SEOUL -- Korea Shipbuilding & Offshore Engineering, the holding company of Hyundai Heavy Industries, test operated autonomous passenger ships in a virtual space using digital twin technology. Various functions such as high-speed sailing and docking were demonstrated using the virtual clone of an actual ship that is currently being built.
A digital twin is a virtual clone of an object or an infrastructure. Digital twins are frequently used as testing grounds for new technologies or other elements to find out the results of real-life situations. Business operators can test their products under various conditions without causing an irreversible effect in real life. A new model can be created if the virtual clone is destroyed.  
Korea Shipbuilding & Offshore Engineering (KSOE) said in a statement on April 18 that the company demonstrated a virtual passenger ship in Pangyo south of Seoul. Using autonomous technology developed by Avikus, a domestic autonomous navigation solution developer, the vessel successfully showcased many different functions including high-speed sailing and docking. Dual-fuel engines using a liquefied natural gas (LNG) and electric propulsion system and remote-control solution were also tested. KSOE is building the actual ship through collaboration with an institute under the Ministry of Trade, Industry and Energy and the southern port city of Ulsan.

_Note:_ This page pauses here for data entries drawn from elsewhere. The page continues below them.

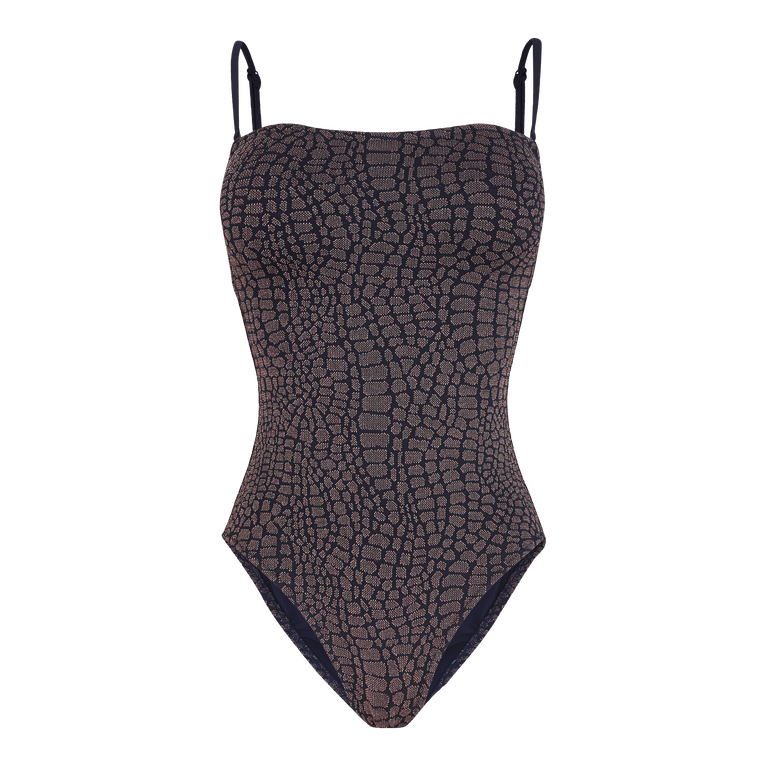 Women Shimmer Bustier One-piece Swimsuit Modore - Facette - Blue - Size L - Vilebrequin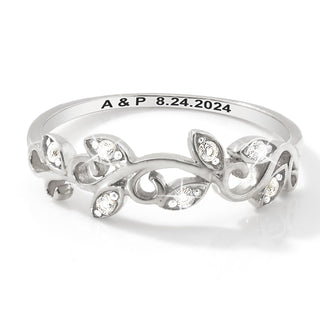 Platinum over Sterling Scroll Leaf White Topaz Band Ring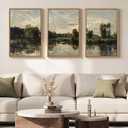 Framed Vintage Landscape Wall Art for Living Room, 3 Piece Rustic Lake Forest Canvas Artwork for Walls, Large Classic Nature Scenic Painting Prints for Bedroom Office Hallway Wall Decor, 20x30 Inch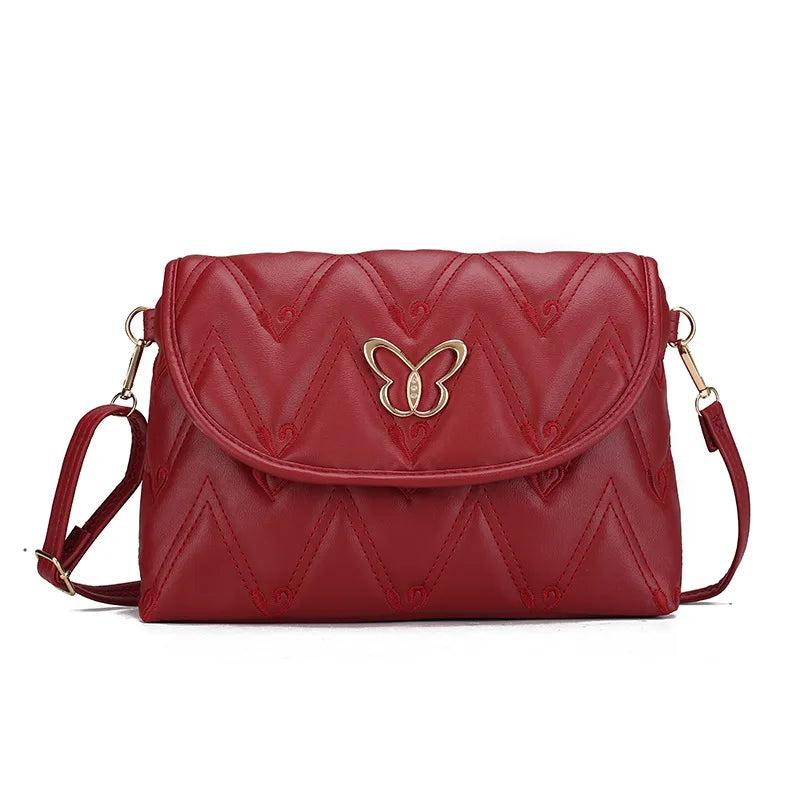 Embroidery PU Leather Female Handbag Lady's Shoulder Cross Body Bags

"We will commercialize the virtual test operation technique by continuously developing advanced vessel technology based on digital twin," an unnamed KSOE official said in a statement.

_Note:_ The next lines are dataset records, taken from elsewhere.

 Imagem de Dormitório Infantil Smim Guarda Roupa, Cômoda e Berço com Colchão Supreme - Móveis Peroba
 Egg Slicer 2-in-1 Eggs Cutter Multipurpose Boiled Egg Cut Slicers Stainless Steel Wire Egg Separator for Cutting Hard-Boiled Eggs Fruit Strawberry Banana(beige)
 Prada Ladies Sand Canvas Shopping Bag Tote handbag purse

In January 2021, KSOE test operated LNG carriers for the first time in the world using digital twin technology. The solution verified dual-fuel engines, fuel supply systems, and power control systems of natural gas carriers. KSOE's test operation solution for LNG carriers received basic approval from Lloyd's Register, a London-based technical and business services organization that provides maritime classification. The company said the solution can reduce the cost of demonstrating LNG carriers by up to 30 percent.